# Stock Market Prediction Project

## Introduction
This notebook presents our analysis and implementation of machine learning models for stock price prediction. We'll use historical data from Apple (AAPL) stock to predict future stock prices.

In [None]:
# Import necessary libraries
import numpy as np
import pandas as pd
import matplotlib.pyplot as plt
import seaborn as sns
from datetime import datetime
import os

# Import our modules
from src.data_loader import load_stock_data, prepare_data_for_training, plot_stock_data
from src.models import (
    LinearRegressionModel,
    RandomForestModel, 
    LSTMModel,
    plot_predictions,
    plot_training_history, 
    compare_models
)

## 1. Literature Review

### Related Studies on Stock Price Prediction

1. **Efficient Market Hypothesis and its Challenges**
   - Fama, E.F. (1970). "Efficient Capital Markets: A Review of Theory and Empirical Work." The Journal of Finance, 25(2), 383-417.
   - The efficient market hypothesis (EMH) suggests that stock prices reflect all available information, making prediction impossible. However, recent studies have challenged this hypothesis using machine learning techniques.

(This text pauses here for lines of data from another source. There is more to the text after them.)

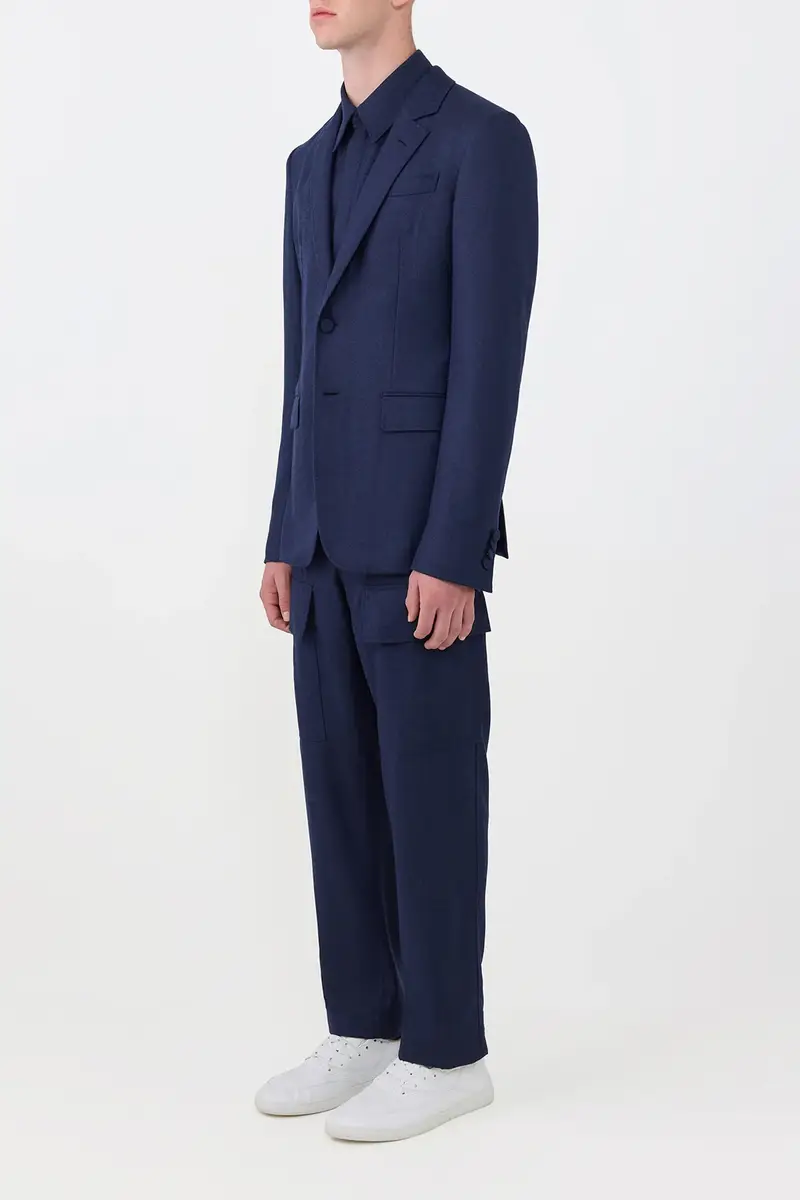 Gabriela Hearst Irving Jacket in Navy Wool Cashmere Flannel | Thumbnail 3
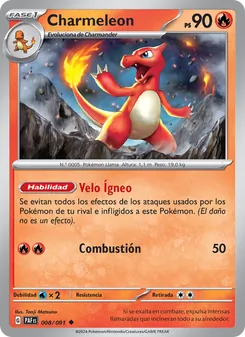 Carta Charmeleon de la expansión Destinos de Paldea, número 008/91
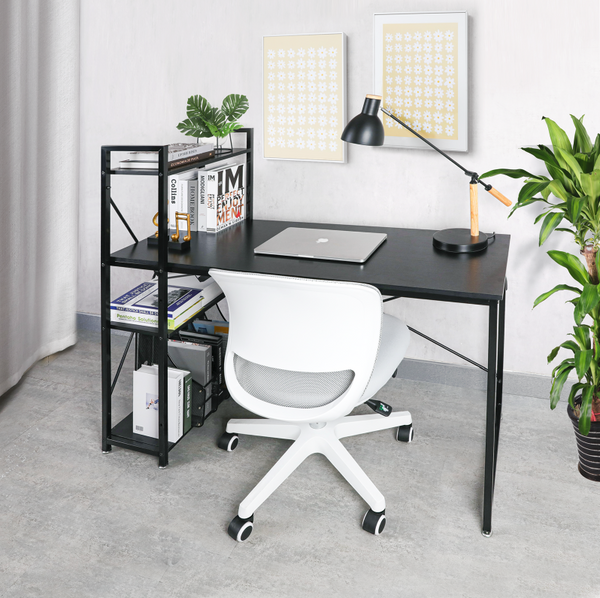 Loft97 SH73/74XX Computer Desk with Shelves - 47-inch Metal Desk with 4-Tier Storage Bookshelves - Functional Desk with Storage, Study Table Desk, Craft Desk, Student Desk, Corner Computer Desk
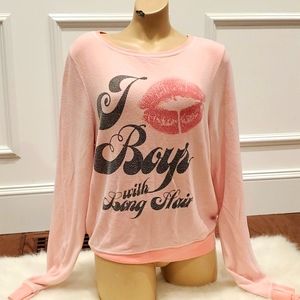 Wildfox baggy beach jumper Small pink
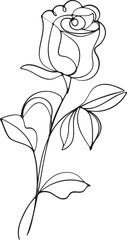 Elegant Single Line Drawing of a Rose Flower with Leaves © Farzana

2. **Machine Learning Approaches for Stock Prediction**
   - Patel, J., Shah, S., Thakkar, P., & Kotecha, K. (2015). "Predicting stock market index using fusion of machine learning techniques." Expert Systems with Applications, 42(4), 2162-2172.
   - This study compared various machine learning algorithms including Random Forest, Support Vector Machines, and Neural Networks for stock market prediction and found that Random Forest often performed well for short-term predictions.

3. **Deep Learning Applications in Financial Time Series**
   - Fischer, T., & Krauss, C. (2018). "Deep learning with long short-term memory networks for financial market predictions." European Journal of Operational Research, 270(2), 654-669.
   - This research demonstrated that LSTM neural networks can effectively capture temporal dependencies in financial time series data, often outperforming traditional methods.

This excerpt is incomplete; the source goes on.